This should have been a VM with a basic server and socat’ing the vsocket. I don’t know why so much space was dedicated to unrelated topics. Also zero qualifications or benchmarks for “fast” compared to tcp/virtio.
Author says “no ssh keys” when ssh is an orthogonal concept. sshd can listen on a vsock interface, it’s not specific to tcp/ip.
From the “Under the hood” section, which should be the part actually about vsock:
> I haven’t delved into the low-level system API for vsocks, as frameworks typically abstract this away.
This is just what happens when you use bazel to quickly set up your project.
(1) 'virsh edit' the guest and check it has '<vsock/>' in the <devices> section of the XML.
(2) On the host:
$ nbdkit memory 1G --vsock -f
(3) Inside the guest: $ nbdinfo 'nbd+vsock://2'
(You should see the size being 1G)And then you can try using commands like nbdcopy to copy data into and out of the host RAM disk over vsock. eg:
$ time nbdcopy /dev/urandom 'nbd+vsock://2' -p
$ time nbdcopy 'nbd+vsock://2' null: -p
On my machine that's copying at a fairly consistent 20 Gbps, but it's going to depend on your hardware.To compare it to regular TCP:
host $ nbdkit memory 1G -f -p 10809
vm $ time nbdcopy /dev/urandom 'nbd://host' -p
vm $ time nbdcopy 'nbd://host' null: -p
TCP is about 2.5x faster for me.I had to kill the firewall on my host to do the TCP test (as trying to reconfigure nft/firewalld was beyond me), which actually points to one advantage of vsock, it bypasses the firewall. It's therefore convenient for things like guest agents where you want them to "just work" without reconfiguration hassle.
This. The point of vsock is not performance, it's the zero-configuration aspect of them. No IP address plan. No firewall. No DHCP. No nothing. Just a network-like API for guest-host communication for guest agents and configuration agents. Especially useful to fetch a configuration without having a configuration.
IMHO the "fast" in the original article should be read as "quick to setup", not as "high bandwidth".
2.5x slower than what they were replacing. Demanding evidence for claims strikes again.
I presume this is down to much larger buffers in the TCP stack.
But likely no faster than a TCP socket across a virtio-net device.
I think the use of Bazel and gRPC in the article distracts from understanding how vsock works. I found this article[1] much more approachable.
[1]: https://medium.com/@F.DL/understanding-vsock-684016cf0eb0
Changing transports means if you want to move your grpc server process to a different box you now have new runtime configuration to implement/support and new performance characteristics to test.
I can see some of the security benefits if you are running on one host, but I also don't buy the advantages highlighted at the end of the article about using many different OS's and language environments on a single host. Seems like enabling and micro-optimising chaos instead of trying to tame it.
Particularly in the ops demo: Statically linking a C++ grpc binary, and standardising on host OS and gcc-toolset, doesn't seem that hard. On the other hand, if you're using e.g. a python rpc server are you even going to be able to feel the impact of switching to vsock?

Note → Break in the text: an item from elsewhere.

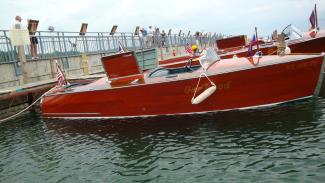 1934 GarWood 18' Split-Cockpit Runabout, docked starboard side view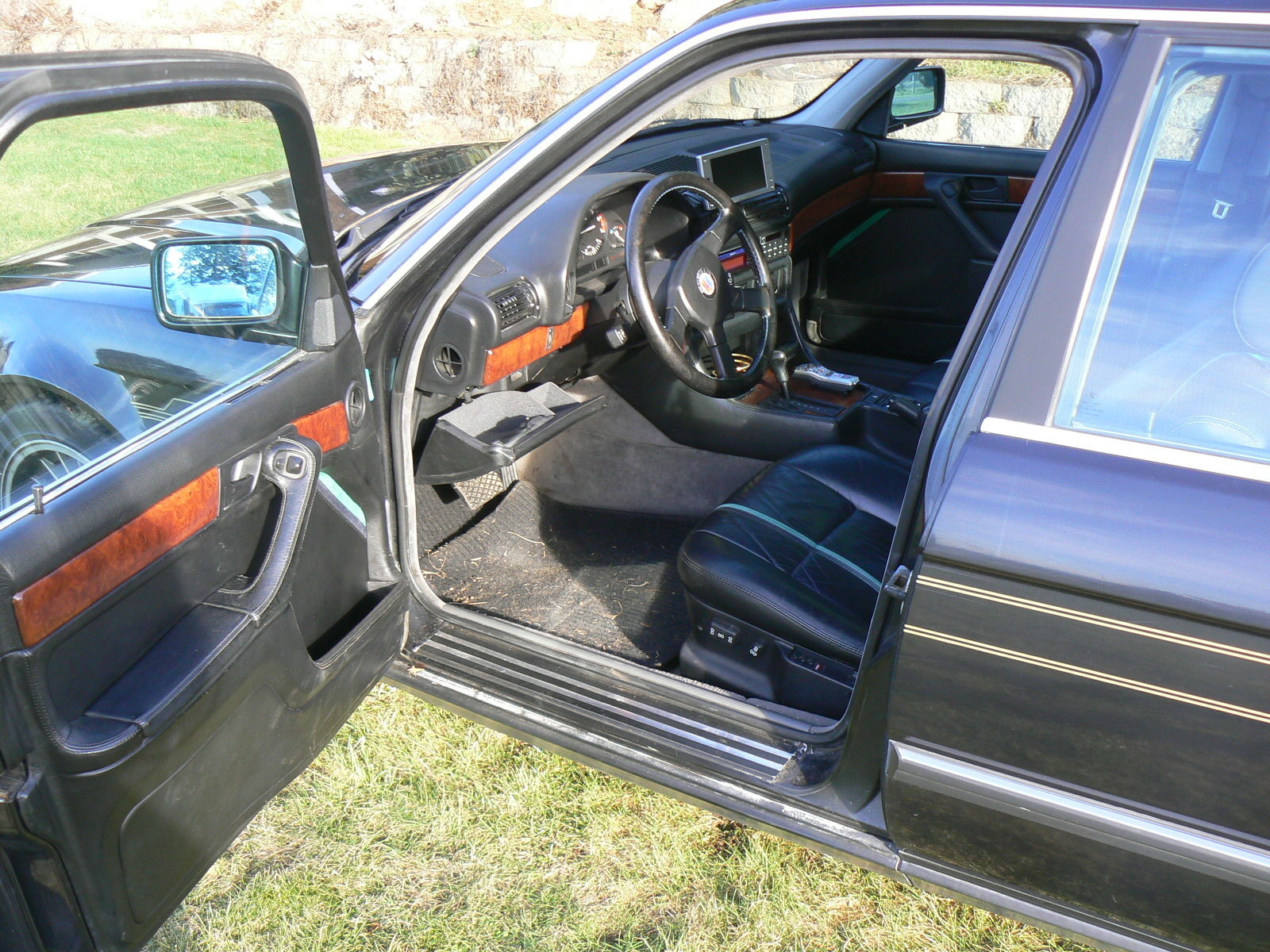 Outstanding E32 Face Off 1988 Bmw 735i And 750il German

I think this is supposed to be option for when you want to pass stuff to host quickly without writing another device driver or using other interface rather than replacement for any rpc between VMs. "Being fast" is just a bonus.
For example at our job we use serial port for the communication with VM agent (it's just passing some host info about where VM is running, so our automation system can pick it up), this would be ideal replacement for that.